Not every MFI value increase is a real increase in the antibody presence, as can be seen in
Figure 9b,c. However, this procedure implies additional costly testing, and the selection of a representative, meaningful comparative serum is essential. The choice of serum should reflect the specific medical question and be made in close consultation with the treating clinician. The reference may also change over time as the clinical context and treatment evolve. Lastly it is recommended that a reference serum will be handled in aliquots, as freeze–thaw cycles might have an impact on the antibodies in the serum.
Given these challenges, it may be more practical to implement a method that allows for recalculation of the MFI using a standard [
9], which allows the calculation of HLA class I and HLA class II International Units, as has been carried out for other immunological tests [
15,
16,
17]. However, there are no globally standardized controls for anti-HLA antibodies, so MFI changes cannot be analyzed quantitatively.

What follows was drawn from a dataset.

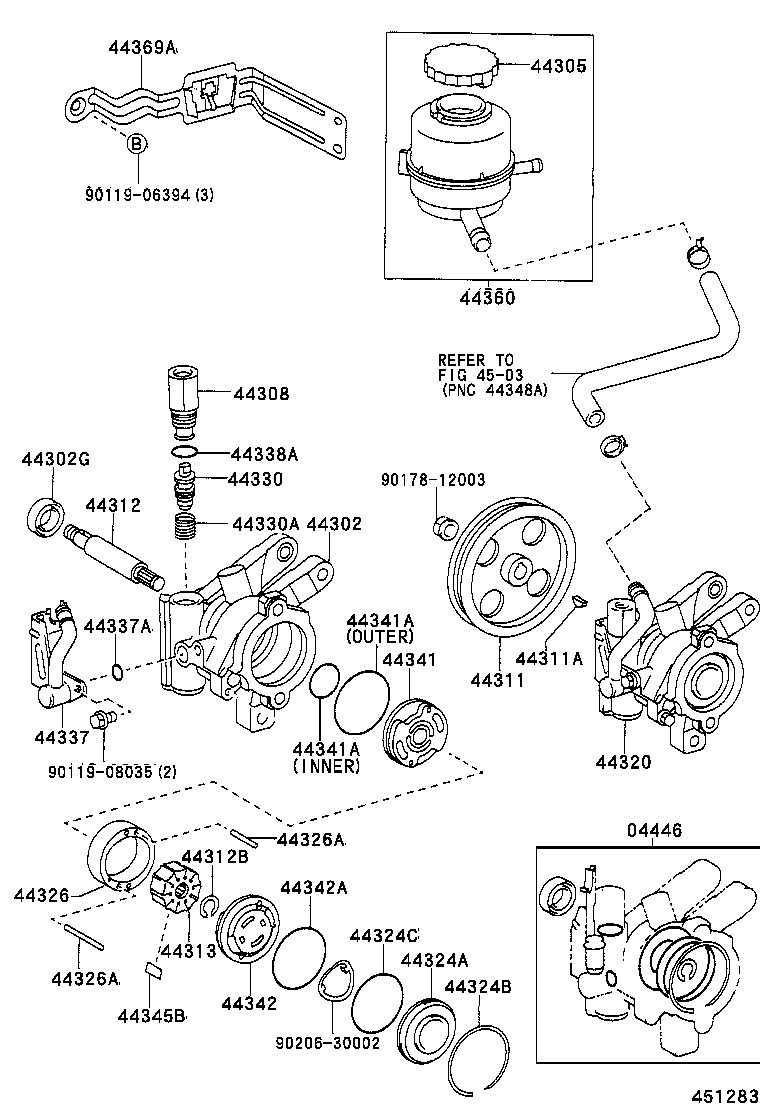  TERCEL |  VANE PUMP RESERVOIR POWER STEERING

The degree of variability within repeated measurements of the same sample raises concerns of using a fixed MFI threshold to define antibody presence. It also shows that reporting MFI values alone and using them for statistical interpretation without context can lead to misinterpretation. While running a reference serum does mitigate some of the variability and allows for more meaningful interpretation, it is costly and comes with its own set of challenges. To combat this, we opt to investigate alternative methods of MFI value interpretation, e.g., by using dynamic MFI cutoffs.
Claas [
9] suggested the following in 2010: “The clinical relevance of the presence of donor-specific HLA antibodies before transplantation and the appearance of these antibodies after transplantation is a controversial issue. The lack of consensus between different centers is partly due to the heterogeneity of the HLA antibodies involved. Standardization is essential and future studies must focus on the further characterization of the antibody titers, the immunoglobulin (sub)classes of the antibodies and the epitopes recognized. It remains to be established in which cases the HLA antibodies are the direct cause of or just associated with (chronic) graft failure”.